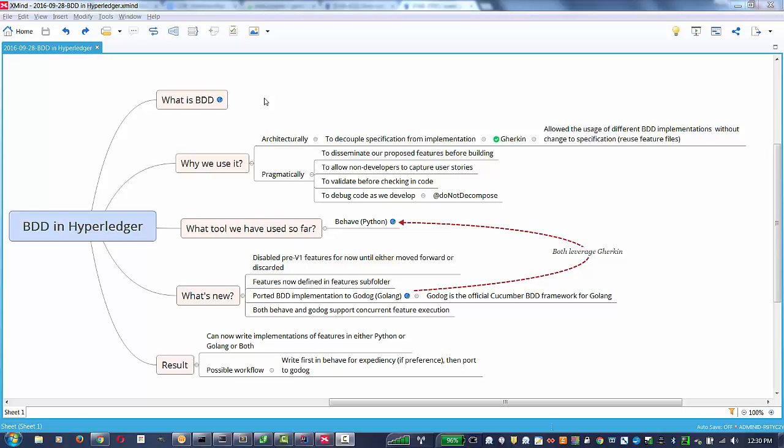I want to talk about the current BDD support in Hyperledger. First, I want to talk about what is BDD, then why we use it, tools we've used so far, what's new, and the results of those.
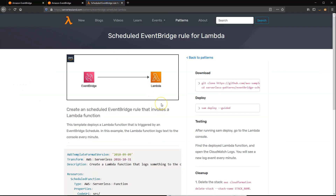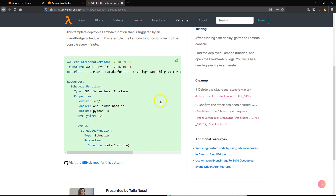If you're using the AWS Serverless Application Model to develop serverless applications, there's a pattern available in the Serverless LAN patterns collection. This pattern creates a scheduled EventBridge rule to invoke a Lambda function. As shown in this SAM syntax, it invokes the function every minute using rate syntax.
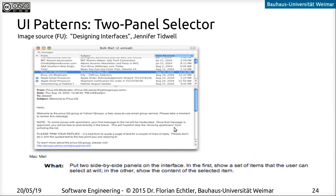First, let's look at a very common pattern called the two-panel selector. The description already says more or less everything you need to know. You have two panels in the interface, side by side — one contains a list of items and the other contains the view of the currently selected item. This can apply to email, or to a preview in the file browser. There are all sorts of ways to adapt this, but they all share the feature that one panel shows a list of items and the other shows a detailed view.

• _Task description_
Transcribe exactly the lines from the one holding "If you're using" through the final line of the material above, both ends included; any pictures should be dropped.

• _Output for this exercise_
If you're using the AWS Serverless Application Model to develop serverless applications, there's a pattern available in the Serverless LAN patterns collection. This pattern creates a scheduled EventBridge rule to invoke a Lambda function. As shown in this SAM syntax, it invokes the function every minute using rate syntax.
First, let's look at a very common pattern called the two-panel selector. The description already says more or less everything you need to know. You have two panels in the interface, side by side — one contains a list of items and the other contains the view of the currently selected item. This can apply to email, or to a preview in the file browser. There are all sorts of ways to adapt this, but they all share the feature that one panel shows a list of items and the other shows a detailed view.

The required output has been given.